Official fishing season is over on the Walkham for another year and it felt like time to catch on the gossip with Robin Armstrong, who came to the valley as a river warden and stayed on as fisherman, chronicler and painter – still selling worldwide from his gallery at Sortridge and through the local pubs and Wildwood Arts.
He told us …
“I paint more fish than I catch nowadays but I still hear the chat I guess and I’m still always looking. What I hear is a lot of doom about the salmon but I think the fact is hardly anybody is actually going out to try to catch one any more, legally or illegally. They are still there. You are never going to get the sort of massive runs there used to be, because of what has happened at sea and on the land over a long time, but year on year, I don’t think anything dramatic has suddenly happened to this network.

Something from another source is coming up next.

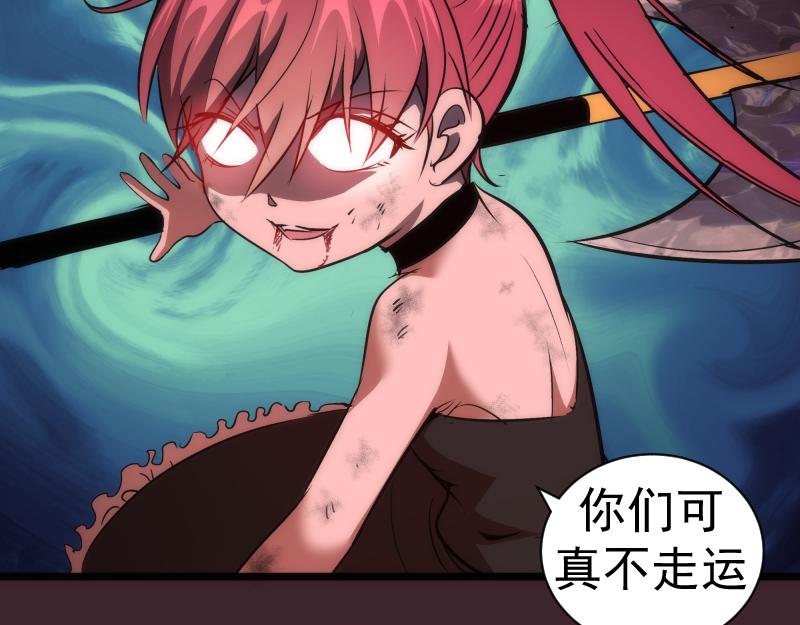 第166话 敌方战力77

“The times of the runs vary according to flows and the flow patterns are always changing, as well as the rainfall, and one way and another most of the run this year will probably be from about now onwards, so the fishing clubs will be reporting low catches during the open season, but that’s the way the ball bounces. If you take a regular look at Grenofen Pool, you can still see salmon waiting any time between May and December.

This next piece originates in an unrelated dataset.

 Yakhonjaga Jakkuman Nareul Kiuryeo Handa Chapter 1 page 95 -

“Can’t tell you more but this summer I saw the most magnificent specimen I have ever seen, a 20-pounder taken from the Tavy.
“In the Walkham, they are trying to get to the redds between Huckworthy and Woodtown Weir, where the gravel gathers in the right way with stones between an egg and a marble in size. There used to be redds higher upstream but water extraction changed the flows long ago and some of them moved and there is no longer the maintenance there once was. We used to go up there in waders and rake out cow parsley. Funnily enough, I can see a possible new laying area forming now right outside the Leaping Salmon, where the gravel is gathering under Paul Bozacki’s wall. Keep an eye on it.

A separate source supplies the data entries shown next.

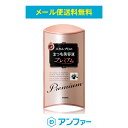 【メール便で送料無料】スカルプD まつげ美容液 ピュアフリー...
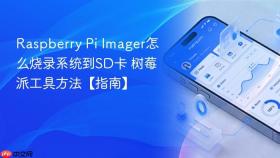 raspberry pi imager怎么烧录系统到sd卡 树莓派工具方法【指南】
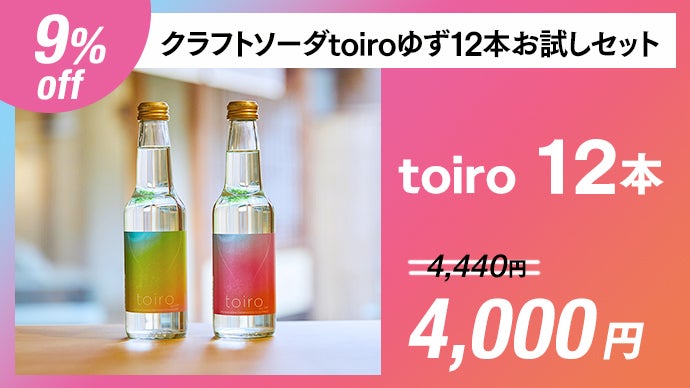 オトナだって甘えたい【飲むリセット】京都発のノンアル柚子クラフト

“Meanwhile, the new weir at the bridge seems to be doing its job in terms of helping fish up over. There are more fish using the stair than got over the old weir. But some still just go up over the face.
“The weir pool seems to be back in fashion as a place to fish and a couple of good fishermen have had a few nice peal.
“Above the weir, through Weir Park, is still a good stretch for fish to recover and they are probably lying along there right now, and in the pools between there and Huckworthy.
“In the old days, somebody would have been down along there with a wire at midnight and a couple of hotels would have paid good money for the catch and me and quite a few other people had to be hired to try and stop it. But now you can walk in the supermarket and buy all the salmon you can stand for a fiver and that’s the main difference today, even more than global warming.”
PS: One of Robin’s salmon paintings will shortly be up for bids on a big fly-fishing website at https://midcurrent.com/art/
Robin Armstrong at work: picture by Andrew Pain.
Big salmon picture, up for bids.
WHAT’S ON …
Friday October 25: Bonfire Night and fireworks show, Fillace Park – POSTPONED.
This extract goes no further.